> _Problem to solve_:
The listing below is to be duplicated exactly, with every picture omitted.

> _Recorded information_:
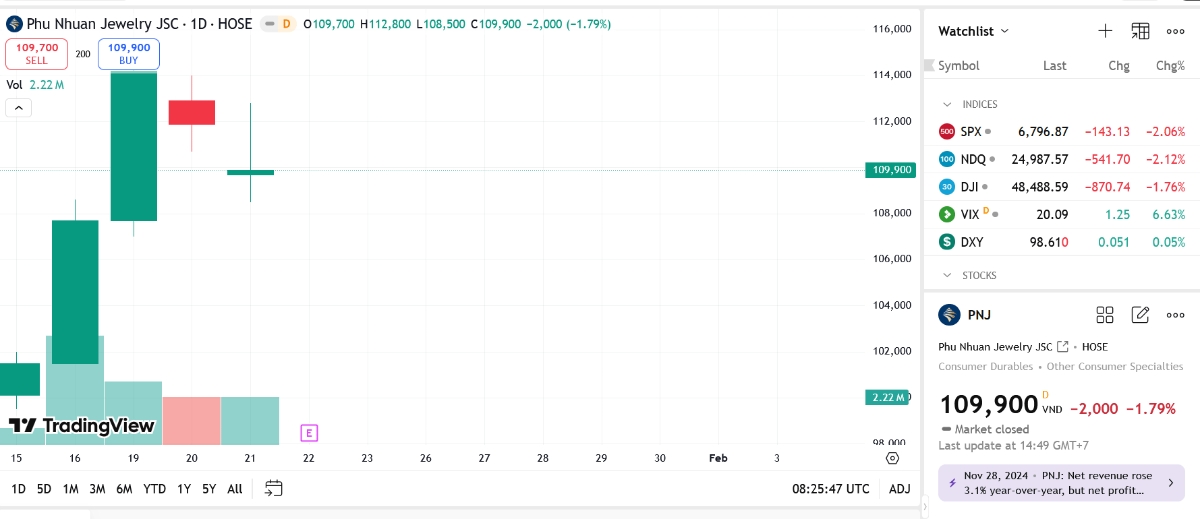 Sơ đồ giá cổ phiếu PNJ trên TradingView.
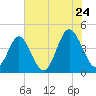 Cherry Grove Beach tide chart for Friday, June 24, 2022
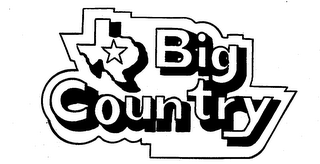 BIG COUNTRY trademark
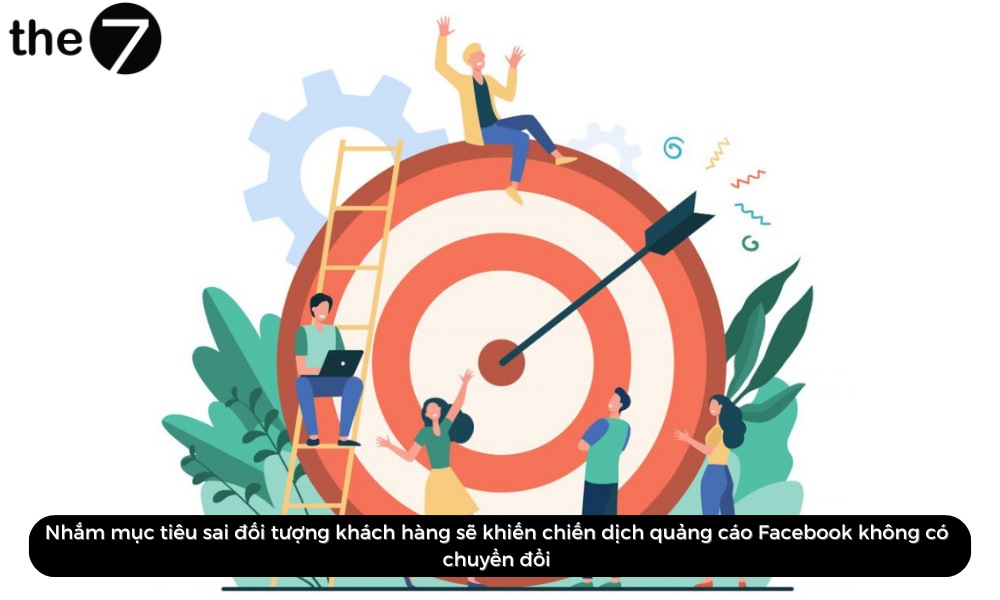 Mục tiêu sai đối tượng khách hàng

> _Response area_:
 Sơ đồ giá cổ phiếu PNJ trên TradingView.
 Cherry Grove Beach tide chart for Friday, June 24, 2022
 BIG COUNTRY trademark
 Mục tiêu sai đối tượng khách hàng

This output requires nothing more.